If we've learned anything so far it's that the parlor tricks of one-shot efficacy only gets you so far. Drill into anything relatively complex with a few hundred thousand tokens of context and the models all start to fall apart roughly the same. Even when I've used Sonnet 4.5 with 1M token context the model starts to flake out and get confused with a codebase of less than 10k LoC. Everyone seems to keep claiming these huge leaps and bounds, but I really have to wonder how many of these are just shilling for their corporate overlord. I asked Gemini 3 to solve a simple, yet not well documented problem in Home Assistant this evening. All it would take is 3-5 lines of YAML. The model failed miserably. I think we're all still safe.

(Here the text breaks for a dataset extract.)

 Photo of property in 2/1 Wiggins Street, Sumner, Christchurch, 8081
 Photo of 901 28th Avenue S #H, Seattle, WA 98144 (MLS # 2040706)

Same. I've been needing to update an userscript (JS) that takes stuff like "3 for the price of 1", "5 + 1 free", "35% discount!" from a particular site and then converts the price to a % discount and the price per item / 250 grams.
Its an old userscript so it is glitchy and halfway works. I already pre-chewed the work by telling Gemini 3 exactly which new HTML elements it needs to match and which contents it needs to parse. So basically, the scaffolding is already there, the sources are already there, it just needs to put everything in place.
It fails miserably and produces very convincing looking but failing code. Even letting it iterate multiple times does nothing, nor does nudging it in the correct direction. Mind you that Javascript is probably the most trained-on language together with Python, and parsing HTML is one of the most common usecases.
Another hilarious example is MPV, which has very well-documented settings. I used to think that LLMs would mean you can just tell people to ask Gemini how to configure it, but 9 out of 10 times it will hallucinate a bunch of parameters that never existed.
It gives me an extremely weird feeling when other people are cheering that it is solving problems at superhuman speeds or that it coded a way to ingest their custom XML format in record time, with relatively little prompting. It seems almost impossible that LLMs can both be so bad and so good at the same time, so what gives?
1. Coding with LLMs seems to be all about context management. Getting the LLM to deal with the minimum amount of code needed to fix the problem or build the feature, carefully managing token limits and artificially resetting the session when needed so the context handover is managed, all that. Just pointing an LLM at a large code base and expecting good things doesn't work.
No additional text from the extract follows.